Monday, January 15, 2007

Not If People Like Me Can Help It

There is a growing consensus among historians that George W. Bush will someday be seen as one of the worst presidents in U.S. history, if not the very worst. I personally think he's neck and neck with James Buchanan, who let the U.S. slide toward civil war between 1857 and 1861. Bush has been so horrible a national "leader" that it would seem as if nothing could save his legacy. But the various right wing deep pockets that are financing the "Bush library" (a contradiction in terms if ever I've heard one) are apparently intending to use it a means of spreading pro-Bush propaganda to try to salvage W's wretchedly bad reputation:
Shortly after Thanksgiving, the New York Daily News reported: "Eager to begin refurbishing his tattered legacy, the President hopes to raise $500 million to build his library and a think tank at Southern Methodist University in Dallas."
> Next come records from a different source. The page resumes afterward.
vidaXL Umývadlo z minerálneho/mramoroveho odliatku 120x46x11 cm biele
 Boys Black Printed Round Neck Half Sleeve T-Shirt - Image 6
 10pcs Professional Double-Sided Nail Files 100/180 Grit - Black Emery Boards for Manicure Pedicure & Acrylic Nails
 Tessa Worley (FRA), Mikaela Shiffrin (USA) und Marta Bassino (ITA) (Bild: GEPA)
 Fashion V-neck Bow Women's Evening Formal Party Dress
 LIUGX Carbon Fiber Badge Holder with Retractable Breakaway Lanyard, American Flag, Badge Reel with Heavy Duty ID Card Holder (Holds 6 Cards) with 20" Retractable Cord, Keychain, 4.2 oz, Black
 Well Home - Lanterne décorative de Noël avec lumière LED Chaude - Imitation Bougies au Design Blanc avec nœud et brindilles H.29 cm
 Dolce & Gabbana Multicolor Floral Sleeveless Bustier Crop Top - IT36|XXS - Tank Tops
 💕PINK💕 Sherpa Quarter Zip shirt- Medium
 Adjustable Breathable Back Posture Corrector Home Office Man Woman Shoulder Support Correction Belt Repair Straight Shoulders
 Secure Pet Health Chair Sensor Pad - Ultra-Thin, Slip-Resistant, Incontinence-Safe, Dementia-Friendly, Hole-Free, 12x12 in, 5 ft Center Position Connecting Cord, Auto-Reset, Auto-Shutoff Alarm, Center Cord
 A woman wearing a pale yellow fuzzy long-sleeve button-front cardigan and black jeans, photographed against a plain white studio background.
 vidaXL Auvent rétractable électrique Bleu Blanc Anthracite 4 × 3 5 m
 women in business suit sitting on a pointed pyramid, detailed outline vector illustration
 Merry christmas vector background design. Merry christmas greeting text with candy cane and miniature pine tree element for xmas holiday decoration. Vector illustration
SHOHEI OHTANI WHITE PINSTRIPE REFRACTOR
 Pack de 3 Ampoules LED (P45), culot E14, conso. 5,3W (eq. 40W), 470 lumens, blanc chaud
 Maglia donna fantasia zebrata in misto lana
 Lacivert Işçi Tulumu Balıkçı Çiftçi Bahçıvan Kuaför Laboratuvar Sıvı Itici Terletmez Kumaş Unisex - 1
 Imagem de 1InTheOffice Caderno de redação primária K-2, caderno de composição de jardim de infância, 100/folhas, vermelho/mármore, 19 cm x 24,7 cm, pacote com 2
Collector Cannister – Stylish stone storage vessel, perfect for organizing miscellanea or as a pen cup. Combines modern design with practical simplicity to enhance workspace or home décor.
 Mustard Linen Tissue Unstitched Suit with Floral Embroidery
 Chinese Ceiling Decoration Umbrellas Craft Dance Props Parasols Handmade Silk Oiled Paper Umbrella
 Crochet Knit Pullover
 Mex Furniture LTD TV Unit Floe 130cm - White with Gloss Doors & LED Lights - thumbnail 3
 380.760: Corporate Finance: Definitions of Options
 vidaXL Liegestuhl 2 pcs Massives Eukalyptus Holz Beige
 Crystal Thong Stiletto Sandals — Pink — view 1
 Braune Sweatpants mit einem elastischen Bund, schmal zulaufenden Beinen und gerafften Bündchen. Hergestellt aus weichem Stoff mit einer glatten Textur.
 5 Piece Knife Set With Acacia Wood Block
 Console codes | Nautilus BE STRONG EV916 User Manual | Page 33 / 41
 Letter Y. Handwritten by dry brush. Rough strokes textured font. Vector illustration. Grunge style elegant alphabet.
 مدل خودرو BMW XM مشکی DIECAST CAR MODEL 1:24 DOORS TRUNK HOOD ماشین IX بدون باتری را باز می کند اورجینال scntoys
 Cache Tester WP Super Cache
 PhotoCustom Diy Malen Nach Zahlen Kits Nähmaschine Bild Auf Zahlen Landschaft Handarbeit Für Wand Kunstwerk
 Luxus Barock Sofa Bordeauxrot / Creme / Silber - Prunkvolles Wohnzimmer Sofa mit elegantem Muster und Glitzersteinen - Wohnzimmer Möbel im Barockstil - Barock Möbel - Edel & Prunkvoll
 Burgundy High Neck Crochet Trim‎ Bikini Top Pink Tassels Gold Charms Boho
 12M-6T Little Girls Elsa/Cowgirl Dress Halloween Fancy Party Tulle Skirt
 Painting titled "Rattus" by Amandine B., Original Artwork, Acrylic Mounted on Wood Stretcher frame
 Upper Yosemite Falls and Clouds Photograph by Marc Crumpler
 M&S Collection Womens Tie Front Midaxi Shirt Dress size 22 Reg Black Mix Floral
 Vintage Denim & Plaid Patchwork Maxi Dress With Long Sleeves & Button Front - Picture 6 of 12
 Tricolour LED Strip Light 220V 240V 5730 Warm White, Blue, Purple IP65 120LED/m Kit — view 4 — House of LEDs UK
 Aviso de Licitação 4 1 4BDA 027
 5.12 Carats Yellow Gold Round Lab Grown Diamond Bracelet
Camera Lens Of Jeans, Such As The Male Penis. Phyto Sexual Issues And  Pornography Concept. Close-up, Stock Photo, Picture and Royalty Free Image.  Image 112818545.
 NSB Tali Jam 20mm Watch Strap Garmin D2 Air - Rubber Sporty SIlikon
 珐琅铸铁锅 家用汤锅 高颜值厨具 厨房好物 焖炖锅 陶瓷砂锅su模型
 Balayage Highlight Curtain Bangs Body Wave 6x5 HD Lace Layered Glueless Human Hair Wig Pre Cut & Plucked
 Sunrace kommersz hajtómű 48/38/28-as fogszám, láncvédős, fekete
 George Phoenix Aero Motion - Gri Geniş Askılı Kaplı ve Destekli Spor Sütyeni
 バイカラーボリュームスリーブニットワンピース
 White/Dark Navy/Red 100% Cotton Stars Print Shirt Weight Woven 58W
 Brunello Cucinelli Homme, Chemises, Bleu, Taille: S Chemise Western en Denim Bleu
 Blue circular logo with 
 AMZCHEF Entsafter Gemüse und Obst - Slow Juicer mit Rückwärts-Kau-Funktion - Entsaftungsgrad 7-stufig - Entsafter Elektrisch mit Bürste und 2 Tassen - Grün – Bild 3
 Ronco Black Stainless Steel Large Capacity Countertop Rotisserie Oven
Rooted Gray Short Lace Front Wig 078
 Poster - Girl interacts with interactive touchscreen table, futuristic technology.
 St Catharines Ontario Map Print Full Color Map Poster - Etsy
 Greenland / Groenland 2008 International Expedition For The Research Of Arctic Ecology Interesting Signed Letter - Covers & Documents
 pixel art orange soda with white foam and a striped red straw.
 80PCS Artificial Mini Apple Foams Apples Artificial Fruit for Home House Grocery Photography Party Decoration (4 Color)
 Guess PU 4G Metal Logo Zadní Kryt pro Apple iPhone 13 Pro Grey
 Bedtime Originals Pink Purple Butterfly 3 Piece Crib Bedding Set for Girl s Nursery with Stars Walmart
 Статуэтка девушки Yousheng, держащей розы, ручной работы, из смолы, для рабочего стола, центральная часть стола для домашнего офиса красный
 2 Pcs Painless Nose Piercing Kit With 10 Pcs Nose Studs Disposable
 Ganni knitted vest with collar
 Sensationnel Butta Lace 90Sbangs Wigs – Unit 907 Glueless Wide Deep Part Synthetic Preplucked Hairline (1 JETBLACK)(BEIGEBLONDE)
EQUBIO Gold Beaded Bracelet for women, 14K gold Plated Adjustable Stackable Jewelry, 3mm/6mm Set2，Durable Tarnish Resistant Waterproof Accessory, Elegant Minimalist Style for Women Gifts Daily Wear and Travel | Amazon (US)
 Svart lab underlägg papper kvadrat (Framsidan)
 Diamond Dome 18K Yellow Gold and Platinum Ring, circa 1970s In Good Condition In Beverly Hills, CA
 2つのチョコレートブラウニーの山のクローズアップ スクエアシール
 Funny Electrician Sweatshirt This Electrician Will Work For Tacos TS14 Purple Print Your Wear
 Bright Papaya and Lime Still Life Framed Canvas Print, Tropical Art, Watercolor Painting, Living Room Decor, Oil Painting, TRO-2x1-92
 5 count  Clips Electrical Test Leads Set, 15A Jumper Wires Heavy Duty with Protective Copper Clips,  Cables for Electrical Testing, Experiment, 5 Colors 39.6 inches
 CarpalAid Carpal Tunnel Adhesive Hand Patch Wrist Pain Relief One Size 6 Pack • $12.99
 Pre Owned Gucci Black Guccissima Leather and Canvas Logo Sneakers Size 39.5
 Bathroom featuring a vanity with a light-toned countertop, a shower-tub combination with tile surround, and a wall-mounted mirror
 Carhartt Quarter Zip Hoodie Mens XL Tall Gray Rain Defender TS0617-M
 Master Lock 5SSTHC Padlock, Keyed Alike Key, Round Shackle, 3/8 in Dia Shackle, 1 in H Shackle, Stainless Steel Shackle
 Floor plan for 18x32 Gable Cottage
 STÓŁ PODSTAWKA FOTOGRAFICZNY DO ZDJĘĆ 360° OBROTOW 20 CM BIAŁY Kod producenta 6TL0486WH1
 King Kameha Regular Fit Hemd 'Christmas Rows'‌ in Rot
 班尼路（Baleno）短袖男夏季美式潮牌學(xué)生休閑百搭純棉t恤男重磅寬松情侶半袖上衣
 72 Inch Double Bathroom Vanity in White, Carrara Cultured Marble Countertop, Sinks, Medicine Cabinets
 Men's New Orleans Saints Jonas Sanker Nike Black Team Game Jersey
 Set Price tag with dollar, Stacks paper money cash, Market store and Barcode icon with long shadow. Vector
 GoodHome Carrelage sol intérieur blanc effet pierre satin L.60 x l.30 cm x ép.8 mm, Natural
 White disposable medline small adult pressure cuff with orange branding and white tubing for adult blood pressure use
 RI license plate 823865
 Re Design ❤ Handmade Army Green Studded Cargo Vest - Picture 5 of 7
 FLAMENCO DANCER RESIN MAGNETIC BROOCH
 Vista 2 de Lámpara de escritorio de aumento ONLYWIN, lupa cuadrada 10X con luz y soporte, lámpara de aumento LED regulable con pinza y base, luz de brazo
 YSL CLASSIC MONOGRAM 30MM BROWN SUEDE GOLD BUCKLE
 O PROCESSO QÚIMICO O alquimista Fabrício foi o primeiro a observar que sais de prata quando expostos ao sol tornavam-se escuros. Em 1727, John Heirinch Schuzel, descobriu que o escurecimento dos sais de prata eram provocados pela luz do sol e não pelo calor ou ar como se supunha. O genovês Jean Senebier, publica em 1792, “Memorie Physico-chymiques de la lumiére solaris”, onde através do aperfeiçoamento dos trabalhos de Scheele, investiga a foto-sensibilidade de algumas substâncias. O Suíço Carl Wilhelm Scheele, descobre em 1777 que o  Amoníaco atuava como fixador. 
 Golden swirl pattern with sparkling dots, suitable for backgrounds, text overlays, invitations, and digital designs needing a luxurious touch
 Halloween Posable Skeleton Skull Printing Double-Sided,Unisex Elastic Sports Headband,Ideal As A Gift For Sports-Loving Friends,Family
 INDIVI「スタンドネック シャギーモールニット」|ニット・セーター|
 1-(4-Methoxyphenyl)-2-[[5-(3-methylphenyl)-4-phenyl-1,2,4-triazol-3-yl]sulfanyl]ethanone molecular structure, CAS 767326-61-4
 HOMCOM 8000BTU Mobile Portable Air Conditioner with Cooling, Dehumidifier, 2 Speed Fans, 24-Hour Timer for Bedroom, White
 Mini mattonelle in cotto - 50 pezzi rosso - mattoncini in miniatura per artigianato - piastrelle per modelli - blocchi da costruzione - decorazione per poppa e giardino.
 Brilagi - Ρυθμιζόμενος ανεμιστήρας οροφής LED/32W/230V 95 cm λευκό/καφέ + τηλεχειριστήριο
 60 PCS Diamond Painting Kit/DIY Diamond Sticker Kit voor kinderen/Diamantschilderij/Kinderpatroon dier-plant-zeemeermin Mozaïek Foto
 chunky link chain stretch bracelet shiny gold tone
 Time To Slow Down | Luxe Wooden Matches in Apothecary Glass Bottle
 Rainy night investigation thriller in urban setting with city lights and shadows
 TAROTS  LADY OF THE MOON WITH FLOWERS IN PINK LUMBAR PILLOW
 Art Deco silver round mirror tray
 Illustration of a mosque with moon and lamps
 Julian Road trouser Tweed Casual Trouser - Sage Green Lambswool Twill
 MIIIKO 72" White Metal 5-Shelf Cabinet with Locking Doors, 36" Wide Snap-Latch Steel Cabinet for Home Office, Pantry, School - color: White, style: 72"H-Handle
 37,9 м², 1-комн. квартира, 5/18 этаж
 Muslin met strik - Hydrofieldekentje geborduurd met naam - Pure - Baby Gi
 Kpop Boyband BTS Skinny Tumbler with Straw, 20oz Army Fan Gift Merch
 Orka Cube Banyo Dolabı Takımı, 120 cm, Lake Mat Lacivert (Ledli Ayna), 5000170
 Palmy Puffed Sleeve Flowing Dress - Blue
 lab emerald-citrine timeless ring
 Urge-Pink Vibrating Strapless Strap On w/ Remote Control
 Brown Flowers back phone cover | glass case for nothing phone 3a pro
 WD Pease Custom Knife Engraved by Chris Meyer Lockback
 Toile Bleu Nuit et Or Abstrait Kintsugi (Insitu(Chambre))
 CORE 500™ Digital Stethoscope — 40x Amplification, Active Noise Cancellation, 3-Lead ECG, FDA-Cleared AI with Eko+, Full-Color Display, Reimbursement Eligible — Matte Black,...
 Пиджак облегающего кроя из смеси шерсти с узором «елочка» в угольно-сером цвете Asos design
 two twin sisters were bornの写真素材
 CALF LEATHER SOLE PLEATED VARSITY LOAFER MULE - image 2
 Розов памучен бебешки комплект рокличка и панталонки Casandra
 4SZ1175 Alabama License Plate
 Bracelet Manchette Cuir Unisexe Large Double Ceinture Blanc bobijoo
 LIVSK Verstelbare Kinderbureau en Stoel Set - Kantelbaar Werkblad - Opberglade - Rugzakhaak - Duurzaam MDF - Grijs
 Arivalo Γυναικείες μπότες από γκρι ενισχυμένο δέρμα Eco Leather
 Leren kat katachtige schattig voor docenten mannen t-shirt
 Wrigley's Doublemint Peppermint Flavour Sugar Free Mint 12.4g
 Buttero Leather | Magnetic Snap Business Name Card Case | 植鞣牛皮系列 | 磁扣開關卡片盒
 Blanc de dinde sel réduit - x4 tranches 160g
The half-billion target is double what Bush raised for his 2004 reelection and dwarfs the funding of other presidential libraries. But Bush partisans are determined to have a massive pile of endowment cash to spread the gospel of a presidency that for now gets poor marks from many scholars and a majority of Americans.

The legacy-polishing centerpiece is an institute, which several Bush insiders called the Institute for Democracy. Patterned after Stanford University's Hoover Institution, Bush's institute will hire conservative scholars and "give them money to write papers and books favorable to the President's policies," one Bush insider said. [Emphasis added.]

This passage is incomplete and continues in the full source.